Segment Start: SOURCE DATA
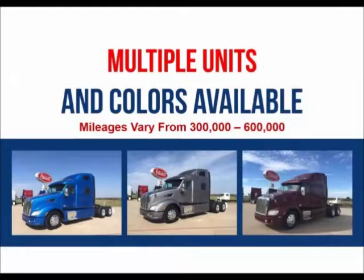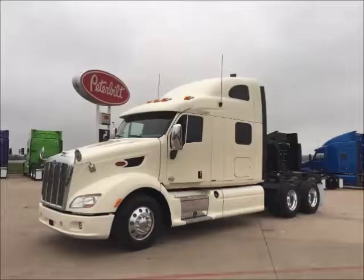Multiple units and colors are available. Mileages range from 300,000 to 600,000. Financing is available for most buyers.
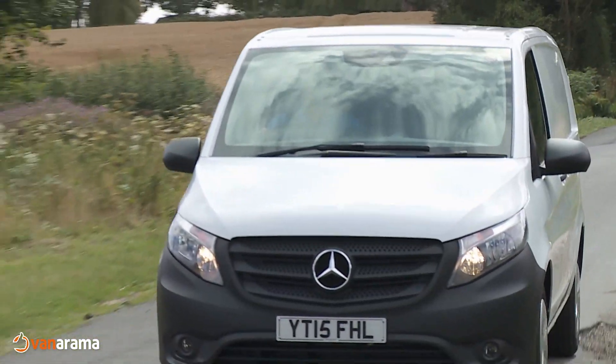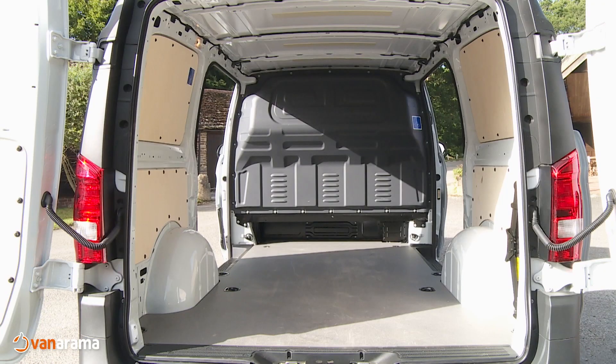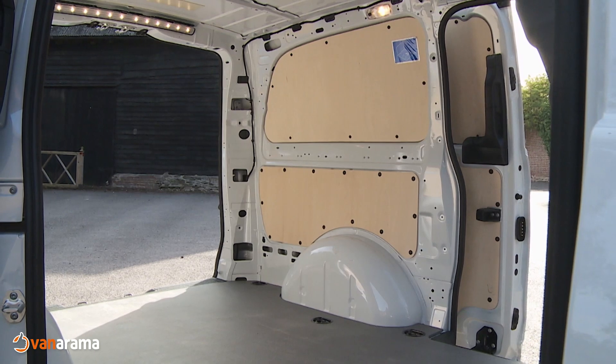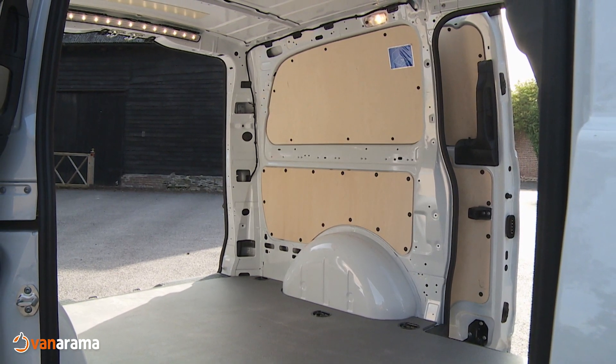The L3 version gives you a spacious 6.6 cubic metres and 3,061 millimetres of load bay length. Three dimensions are the same for all Vitos though: first, a loading sill height of 557 millimetres; then the loading bay height of 1,195 millimetres; and finally the loading bay width of 1,685 millimetres side to side, or 1,270 millimetres between the wheel arches.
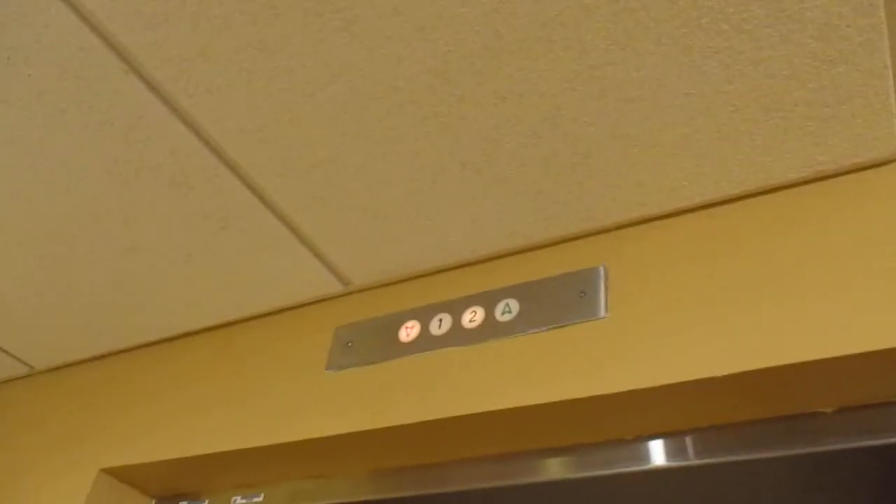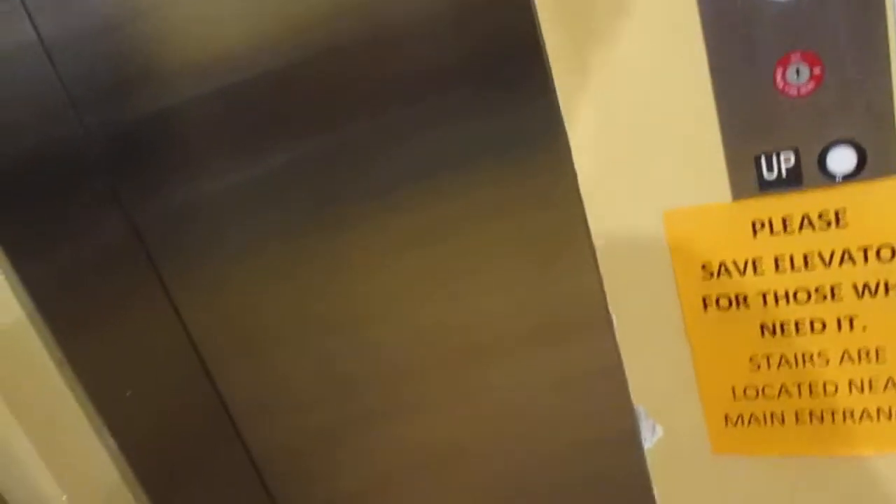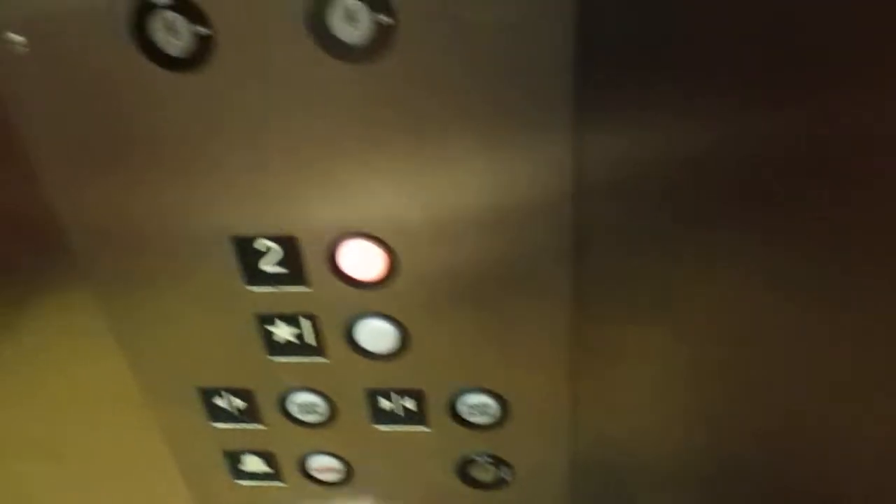This is the elevator at the Carroll Arts Center in Westminster, Maryland. That sign is temporary. Here it is. All right, come on in.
Segment End: SOURCE DATA
(TASK ITEM)
Repeat every line above exactly, minus the pictures.

(WRITTEN RESPONSE)
Multiple units and colors are available. Mileages range from 300,000 to 600,000. Financing is available for most buyers.
The L3 version gives you a spacious 6.6 cubic metres and 3,061 millimetres of load bay length. Three dimensions are the same for all Vitos though: first, a loading sill height of 557 millimetres; then the loading bay height of 1,195 millimetres; and finally the loading bay width of 1,685 millimetres side to side, or 1,270 millimetres between the wheel arches.
This is the elevator at the Carroll Arts Center in Westminster, Maryland. That sign is temporary. Here it is. All right, come on in.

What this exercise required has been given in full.